At the same time, Sean’s vocals are also easier to discerning here, easing the burden of ear-strain for those of us primed to enjoy his acid/stoic observational barbs. Subjects broached druing the Half Hour possibly include: walking the streets in the early morning (‘We Like The Hours’), insipid music industry careerism (‘Music For Adverts’) and a characteristic celebration of the power of cheapness (‘11.99’). Or then again, possibly not. It’s still quite difficult to tell, to be honest.
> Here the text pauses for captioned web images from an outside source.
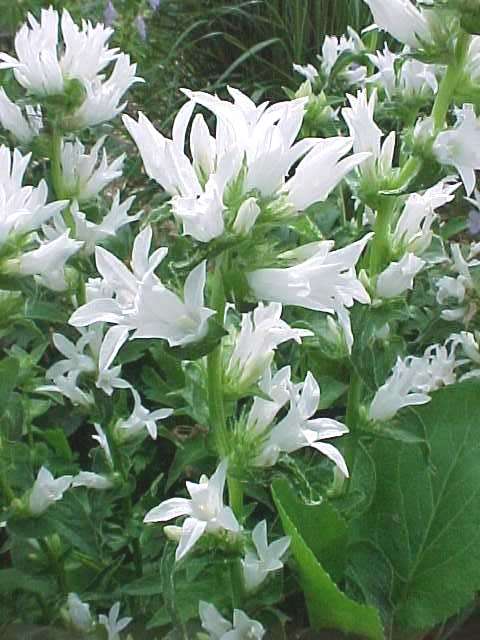 Campanula Alba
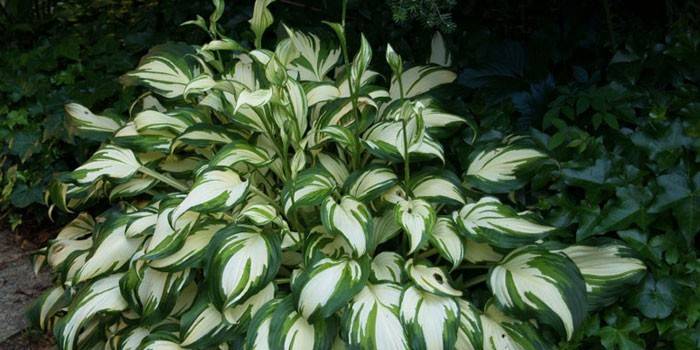 Záhrada zvlnená hosta
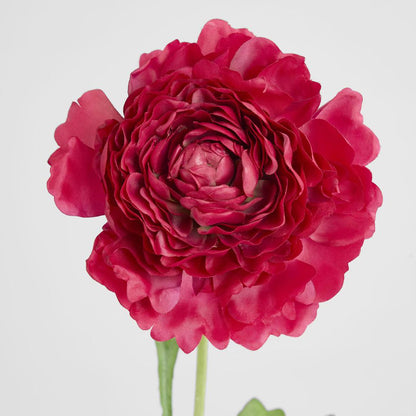 Ranunculus Stem 56cm Dark Pink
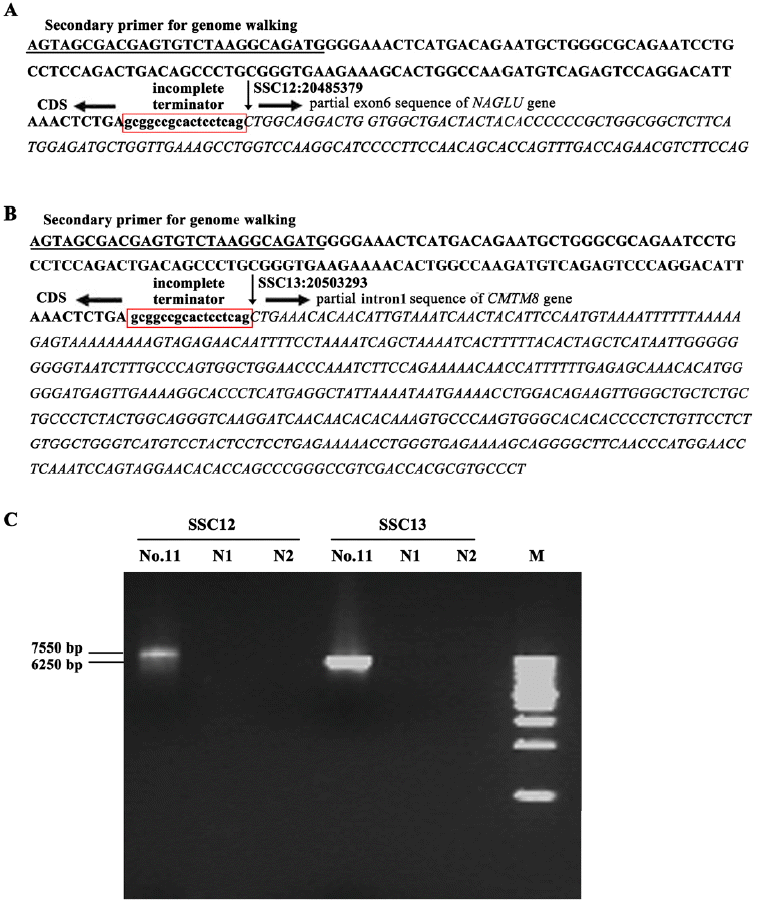 ajas-29-7-925f3.gif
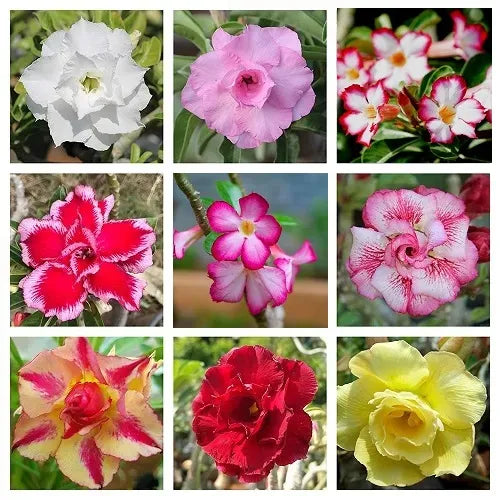 Adenium flower seeds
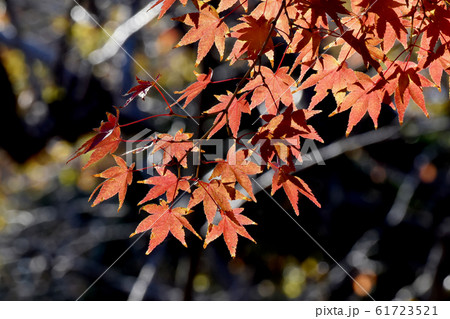 三鷹中原になる紅葉したカエデの葉 三鷹中原になる紅葉したカエデの葉 61723521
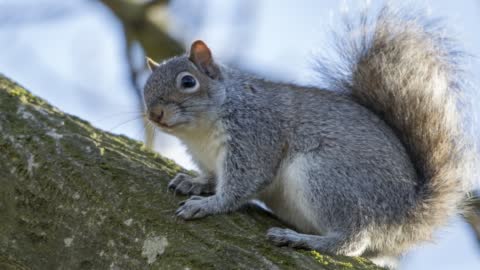 Grey Squirrel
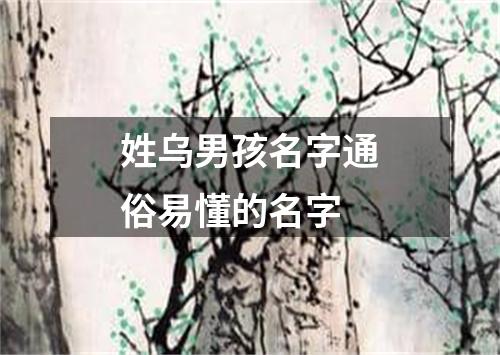 姓乌男孩名字通俗易懂的名字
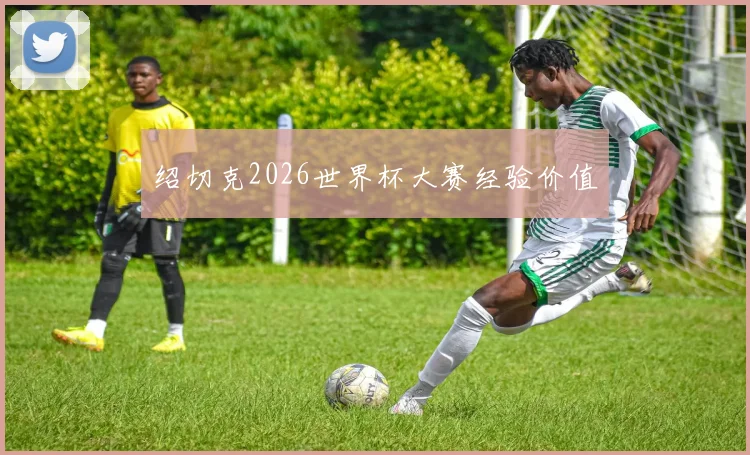 绍切克2026世界杯大赛经验价值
Much like Lemmy though, Sean’s grizzled tones are a unique gift and a statement in and of themselves, and whatever he’s on about at any given point, you can be assured he is correct about it.
Also impressive here are the band’s increasingly successful ventures into eccentric, Swell Maps-esque freak-out territory, as exemplified half-way through ‘Canyons’, when an extended ‘solo’ is executed in the form of what sounds like a recording of someone taking a baseball bat to the exterior of a glass-fronted building.
Whilst I sincerely hope that said destruction was not visited upon Mick’s premises, this angry emanation from the streets of Leeds – thematically mirrored in the shattering skree City Yelps produce more conventionally using their instruments – is nonetheless liable to gladden the heart of any Southerner who’s ever had the misfortune walk past a Foxtons estate agents on their way to some grim, employment-related assignation.
Such is the rare reassurance City Yelps offer us that circumstances still exist in which buying a cottage industry LP of indie guitar music can feel less like a Sealed Knot re-enactment of past struggles, and more like an experience that is vital, invigorating, defiant and other such words that are more normally applied to shampoo or community theatre. Take a dose of this on the morning trudge, and get that bloody life affirmed in a shower of bullshit-rejecting, window-breaking dreams.
LP and download options are both still available from Oddbox.